We can now, as a community, revert to the original wording of the prayer for the government, and can, in good conscience, pray for the welfare of the president.

But that doesn’t mean that the struggle for justice and integrity is over. It doesn’t mean that all the problems of South Africa have been solved. There is a long journey ahead.

There are many pitfalls and obstacles, but finally, we are moving in the right direction. We must give our full support to Ramaphosa, but also hold him accountable.

We have a moral duty to continue to play our role as a vibrant part of South African society to ensure that values of decency, goodness and integrity are maintained. We must be part of creating a thriving future for South Africa, be true to our values – and be prepared to fight for them if necessary.

In the meantime, let us savour this moment of victory and appreciate the historic reversal we’ve been privileged to witness.

We are about to celebrate Purim, which teaches us to see the hand of Hashem in the events of our lives. Let us apply this lesson to what we have just experienced in South Africa.

The overturning of reality is breathtaking and one can feel the hand of G-d in these events. The situation has been transformed from one of darkness and despondency to one of hope and optimism.

The country is awash with relief and elation at the turn of events. A short while ago, the Guptas were the most powerful people in South Africa. Now Ajay is a fugitive from justice.

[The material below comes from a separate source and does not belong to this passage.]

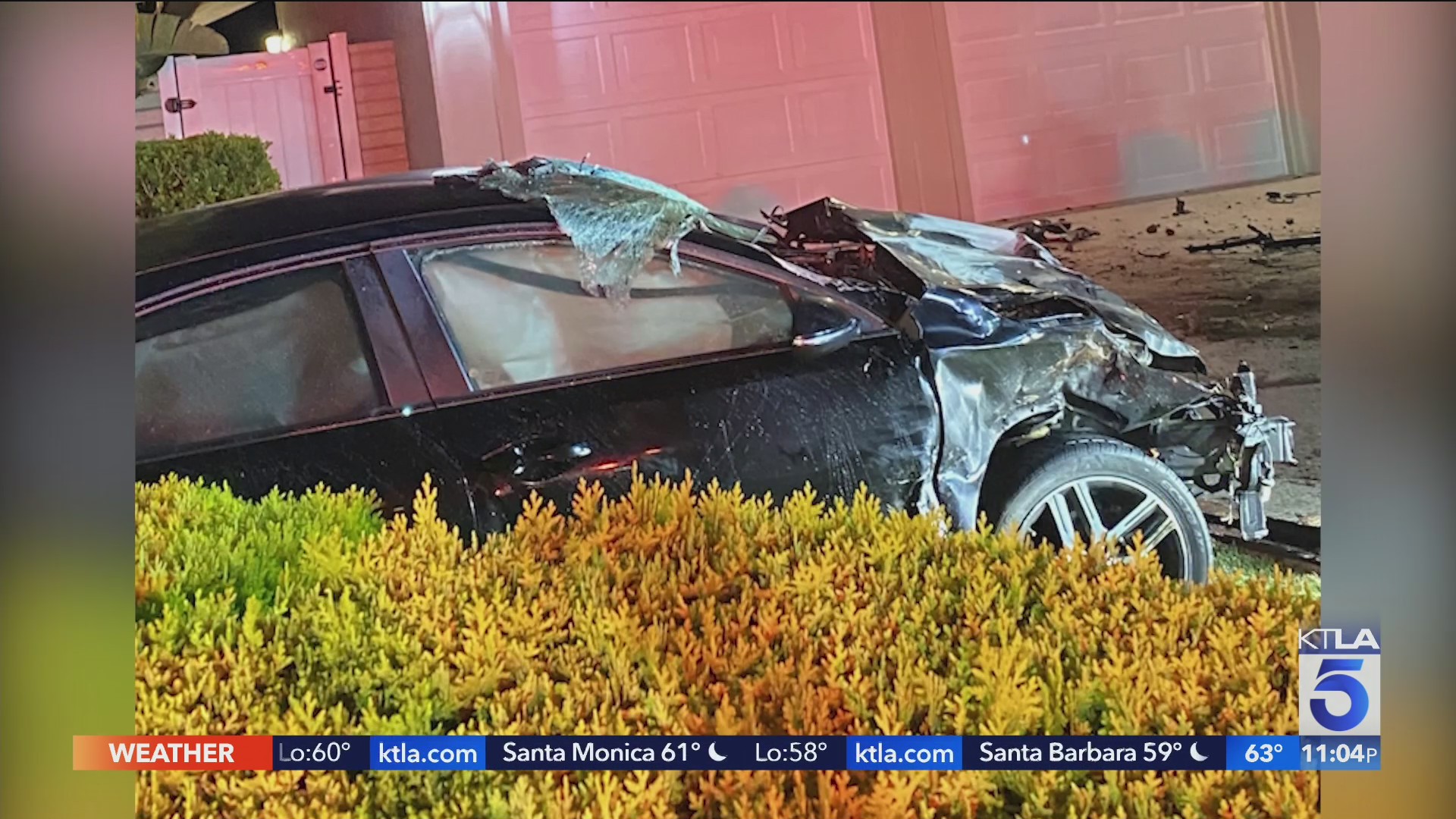 Car goes airborne, careens into Tustin home KTLA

Zuma and his cronies presided with impunity over the looting of state assets – now he is out of power and awaits his legal fate.

Cabinet ministers will no longer be appointed to sign off on deals to enrich a few families, but rather on who is best qualified to serve the people of this country, according to Ramaphosa.

This overturning of reality began with a handful of votes. The fate and future of our country turned on such a small margin of victory.

Hashem guided us through these weeks to an outcome which is so full of hope. Let us give thanks to Him for this.

May Hashem bless President Ramaphosa to lead this nation of heroes with abounding success, and may He bless us that this be a new dawn for South Africa, heralding a future filled with prosperity, dignity and opportunity for all.

2 Comments

  1. 2 Choni 24 Feb
    I agree that we should pray for the welfare of the new President for his actions in South Africa. But what if he decides to cut ties with Israel. Do we still pray for his welfare?
  2. 1 Choni 28 Feb
    I would ask the Rabbi; Is it the God of Israel or the "god" of South Africa, that you would ask to bless Cyril Ramaphosa? I doubt very much if God would  bless Ramaphosa if he should cut ties with Israel , no matter how good he is for S.Africa.